| What is needed |
Restate the records that follow word for word; no pictures should appear.

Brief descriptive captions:
++++++++++
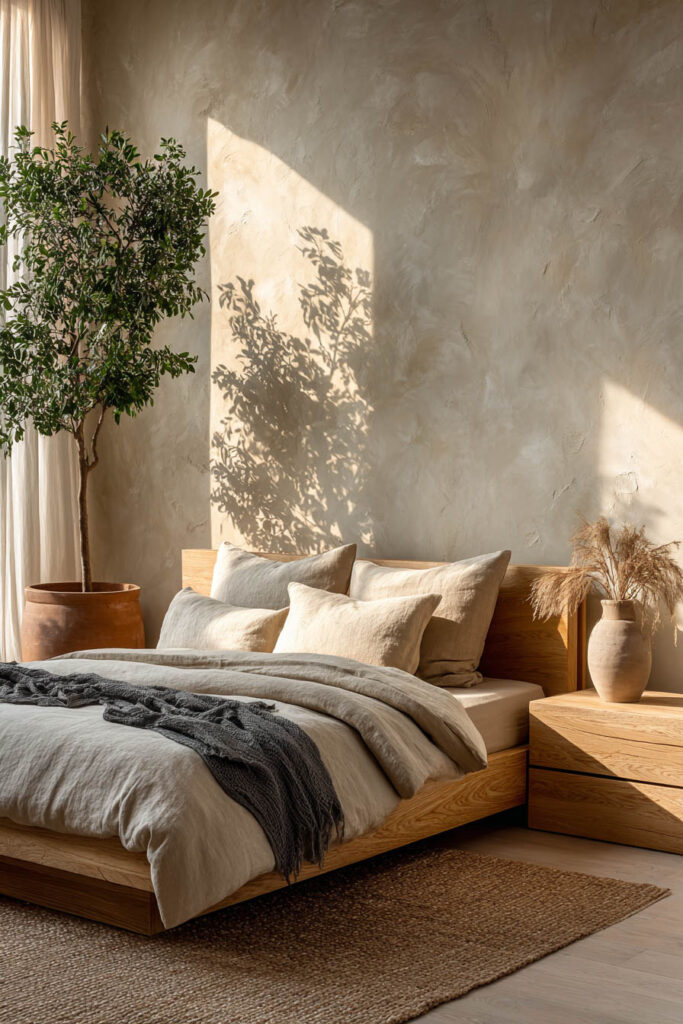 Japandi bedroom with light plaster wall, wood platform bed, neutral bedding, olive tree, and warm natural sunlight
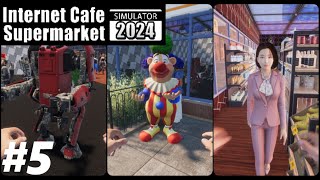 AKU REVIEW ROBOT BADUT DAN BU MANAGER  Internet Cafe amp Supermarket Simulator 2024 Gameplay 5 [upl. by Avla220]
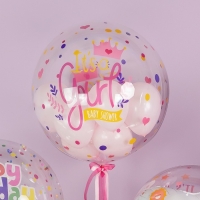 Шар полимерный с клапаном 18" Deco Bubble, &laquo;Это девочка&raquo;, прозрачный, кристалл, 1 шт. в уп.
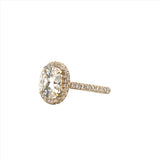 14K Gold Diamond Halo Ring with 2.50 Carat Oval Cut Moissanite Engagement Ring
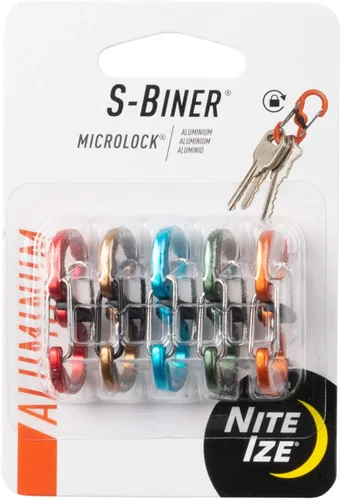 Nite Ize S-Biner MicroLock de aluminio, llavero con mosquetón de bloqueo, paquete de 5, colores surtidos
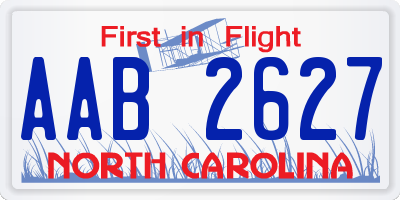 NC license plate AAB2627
++++++++++
| Exercise output |
 Japandi bedroom with light plaster wall, wood platform bed, neutral bedding, olive tree, and warm natural sunlight
 AKU REVIEW ROBOT BADUT DAN BU MANAGER  Internet Cafe amp Supermarket Simulator 2024 Gameplay 5 [upl. by Avla220]
 Шар полимерный с клапаном 18" Deco Bubble, &laquo;Это девочка&raquo;, прозрачный, кристалл, 1 шт. в уп.
 14K Gold Diamond Halo Ring with 2.50 Carat Oval Cut Moissanite Engagement Ring
 Nite Ize S-Biner MicroLock de aluminio, llavero con mosquetón de bloqueo, paquete de 5, colores surtidos
 NC license plate AAB2627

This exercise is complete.